Rita Mogilanski/Staff Photographer

Love is one of the most mysterious sciences of this world, and no one knows this better than young adults, whose hormones are most astute. Devoting a day to exchanging cards, purchasing flowers and heart-shaped chocolate boxes and giving other frivolous gifts seems geared toward couples who need a reminder to make their significant other feel special.

So do college students, who question the veracity of every other subject under the sun, buy into this overly commercialized, scripted holiday?

As Valentine’s Day approaches, some students at Binghamton University don’t seem to find the pressures encroaching on their relationships.

“I don’t really buy into the whole need for outdoing myself anymore than I always would because it’s Valentine’s Day,” said Justin Wohl, a senior double-majoring in marketing and graphic design.

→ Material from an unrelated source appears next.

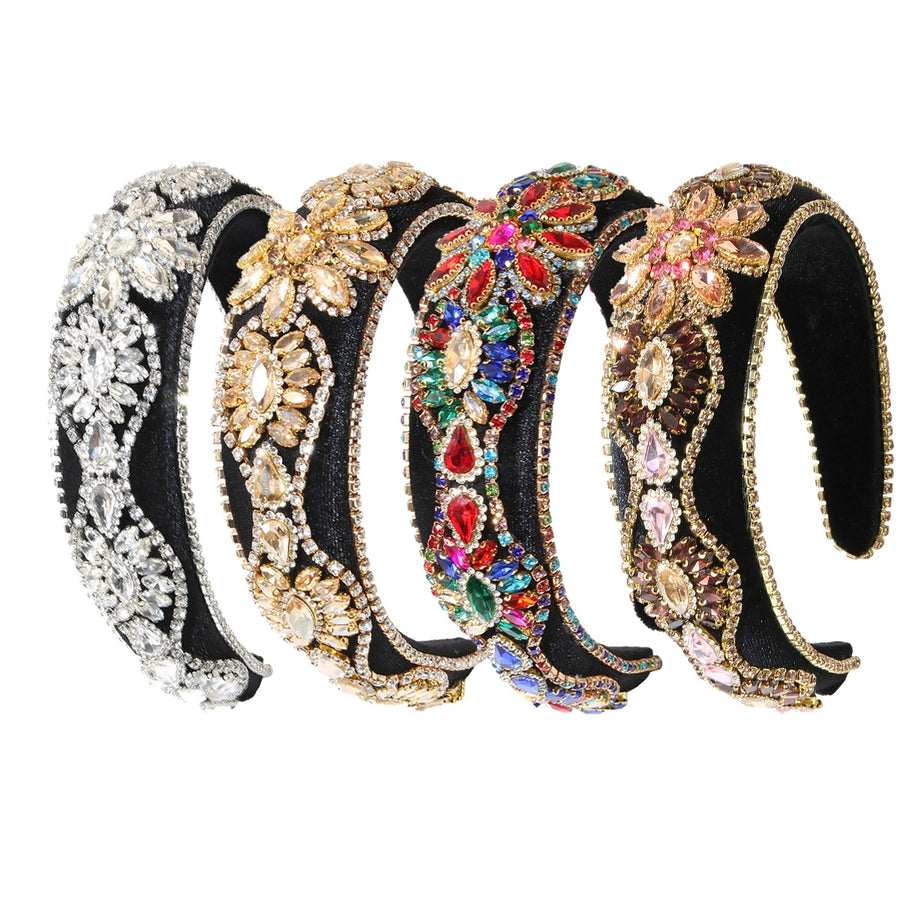 Women's Elegant Streetwear Geometric Flannel Rhinestones Hair Band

“My feelings are pretty much the same as they always have been,” said Jake Lewis, an undeclared freshman. “I don’t think I should gain feelings of romance around the holiday.”

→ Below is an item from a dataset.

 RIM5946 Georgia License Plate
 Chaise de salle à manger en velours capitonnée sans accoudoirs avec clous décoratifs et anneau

Though these two students may be confident in their relationships, a study of relationship stability surrounding Valentine’s Day conducted at Arizona State University suggested otherwise. The experimenters hypothesized about the instigating and catalytic effects of Valentine’s Day. It was a year-long study in which college students were asked to evaluate the quality of their romantic relationships, as well as other important factors.

In order to test the significance of Valentine’s Day, experimenters told their participants they were studying the trends in typical college relationships and how they change throughout the year. The four months that they viewed as most susceptible to change were September, which may be influenced by the end of summer; November, which may be influenced by Thanksgiving; February, which may be influenced by Valentine’s Day; and April, which may be influenced by spring break.

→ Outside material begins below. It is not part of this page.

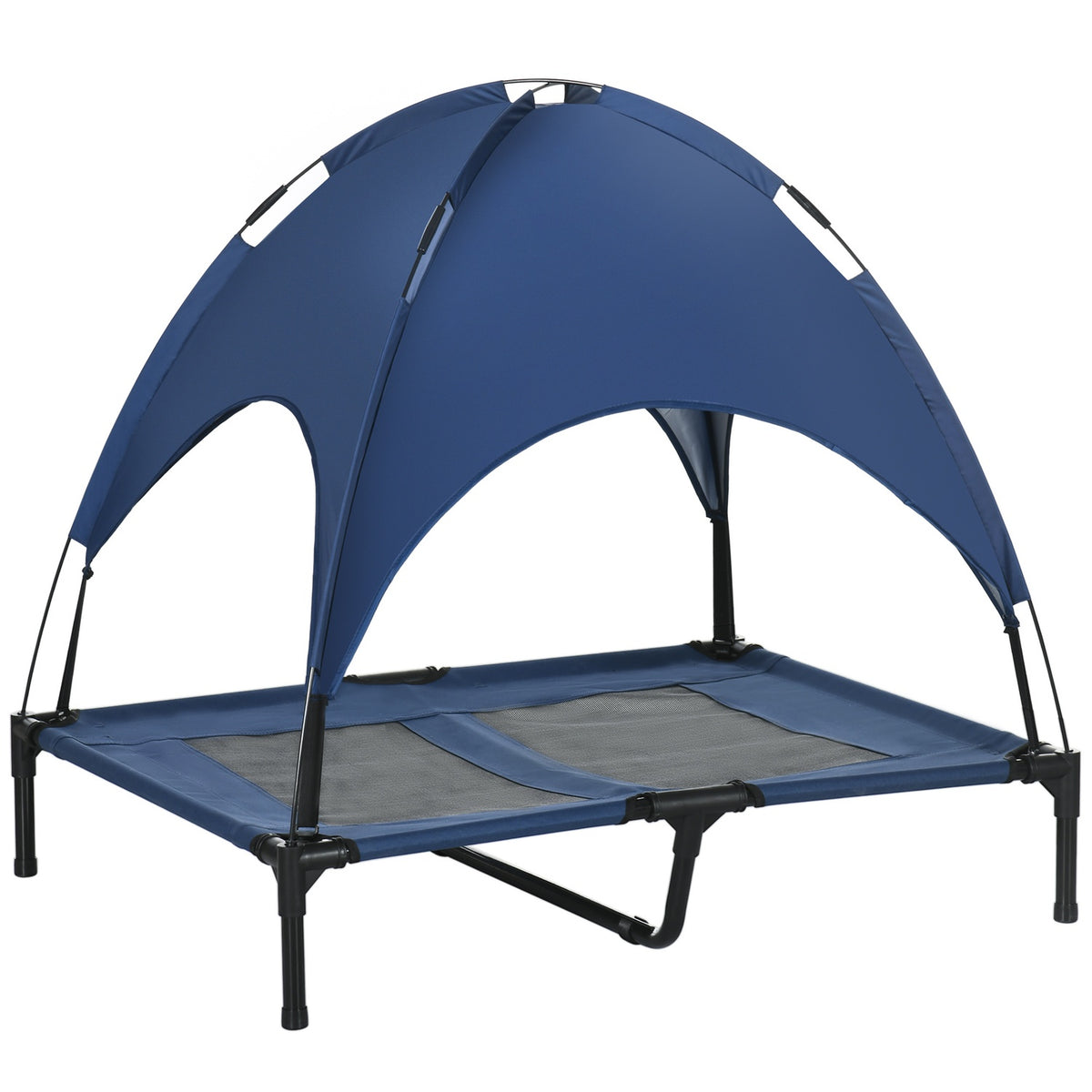 Pet Bed With Canopy Raised Dog Bed With Roof Breathable For Medium Dogs Dark Blue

The majority of relationship failures, however, occurred in February.

Experimenters predicted that the period surrounding Valentine’s Day would contain more breakups, particularly for individuals involved in low-quality relationships. The reason for these results is most likely the level of anticipation and expectations attached to the Valentine’s Day script. On the contrary, Valentine’s Day had no effect on relationships that were considered high-quality or currently improving.

Depending on the quality of the relationship, this holiday can serve as a superficial medium to exploit your romance for a brief moment, or it can be like any other day. Only the aftermath of Feb. 14 can really determine its significance for a couple.